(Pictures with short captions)
★ ★ ★ ★ ★

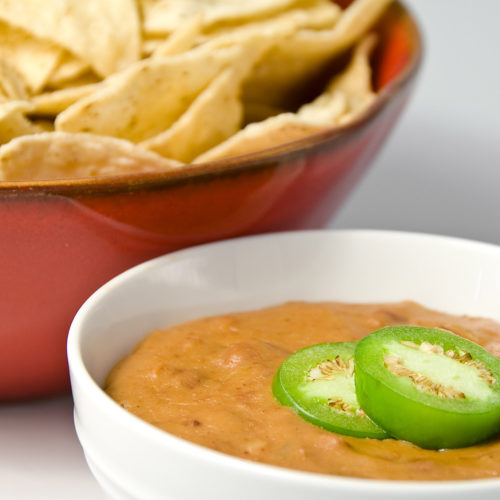 hot bean and cheese dip in white bowl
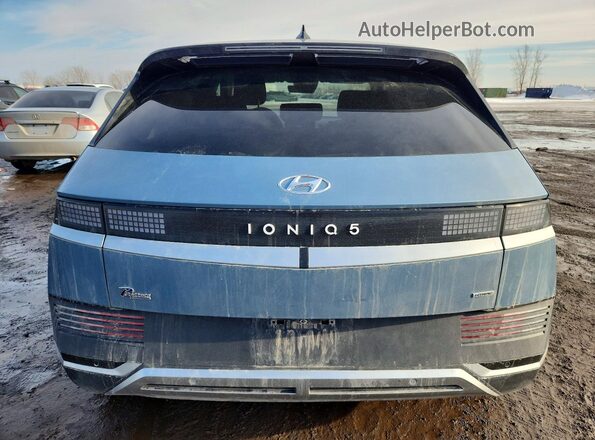 KM8KNDDF5RU323641 2024 HYUNDAI IONIQ Blue Rear view
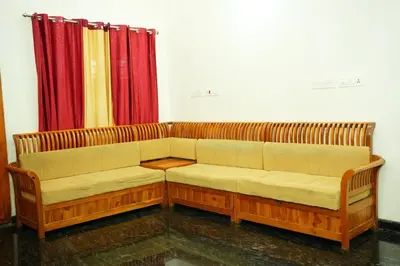 a couch sitting in a room with red curtains at Whispering Streams in Tariyod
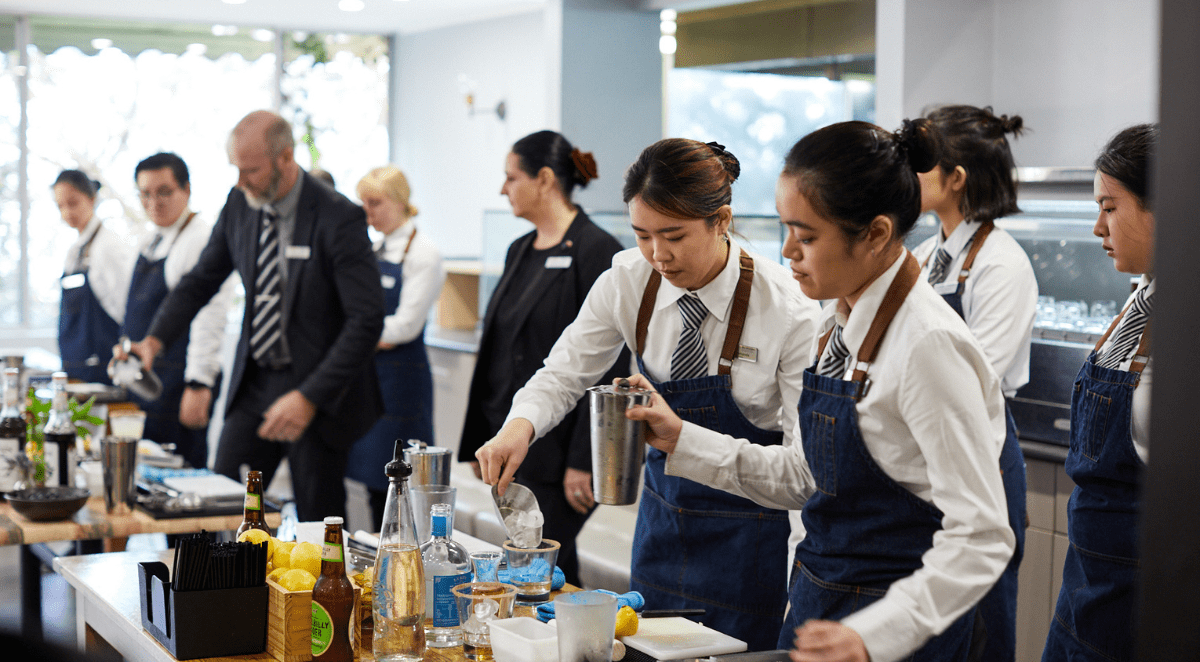 A group of people in formal attire, wearing blue aprons, participating in a cooking class or demonstration in a modern kitchen with large windows.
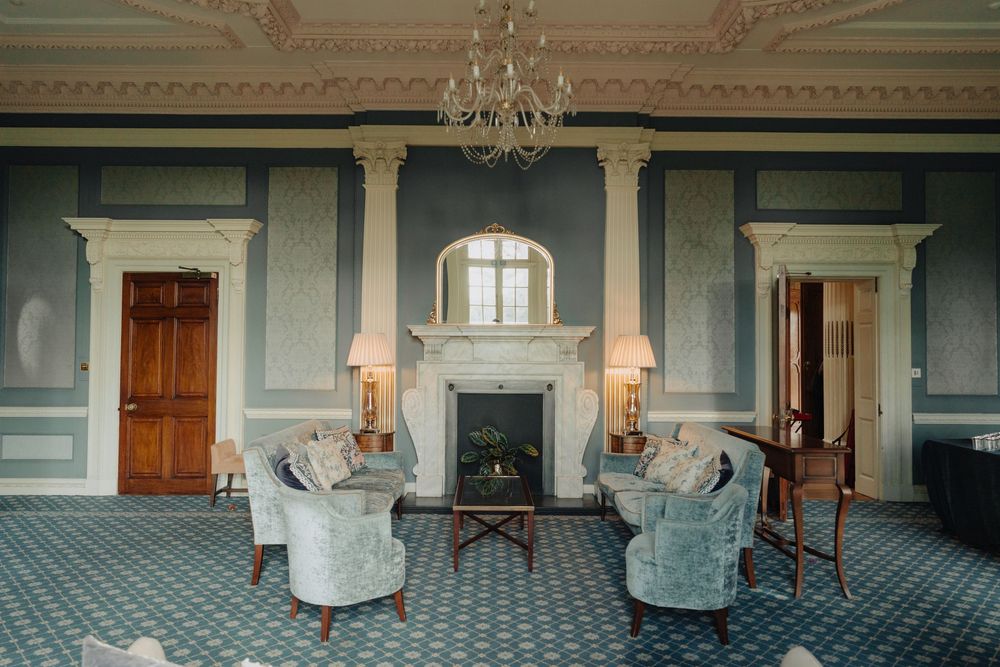 Elegant blue room with period furniture, fireplace and chandelier in historic mansion.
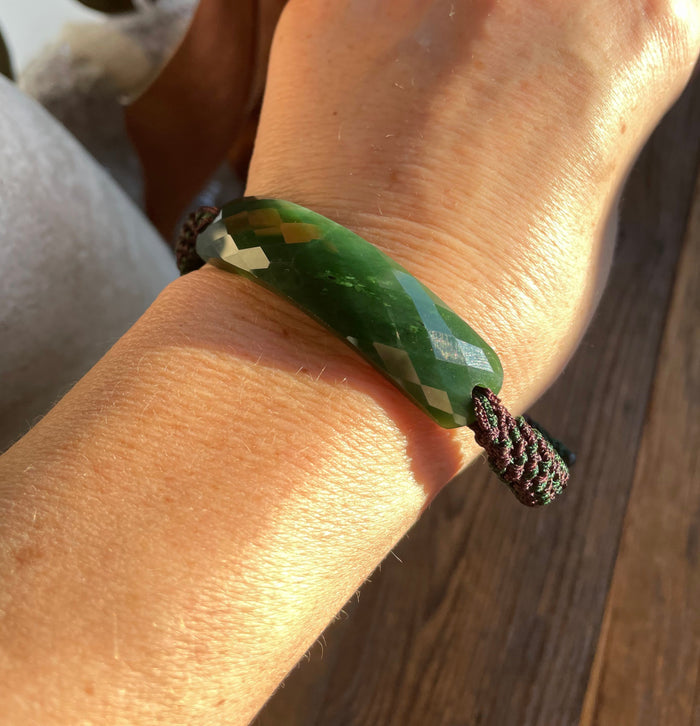 Green jade faceted bracelet on a wrist tied with a burgundy braided cord.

★ ★ ★ ★ ★

▶ THE TASK
Retype, word for word, the lines from the one with "A group of people" through the last line of the entries above, and only those lines. Leave pictures out.

▶ OUTPUT
 A group of people in formal attire, wearing blue aprons, participating in a cooking class or demonstration in a modern kitchen with large windows.
 Elegant blue room with period furniture, fireplace and chandelier in historic mansion.
 Green jade faceted bracelet on a wrist tied with a burgundy braided cord.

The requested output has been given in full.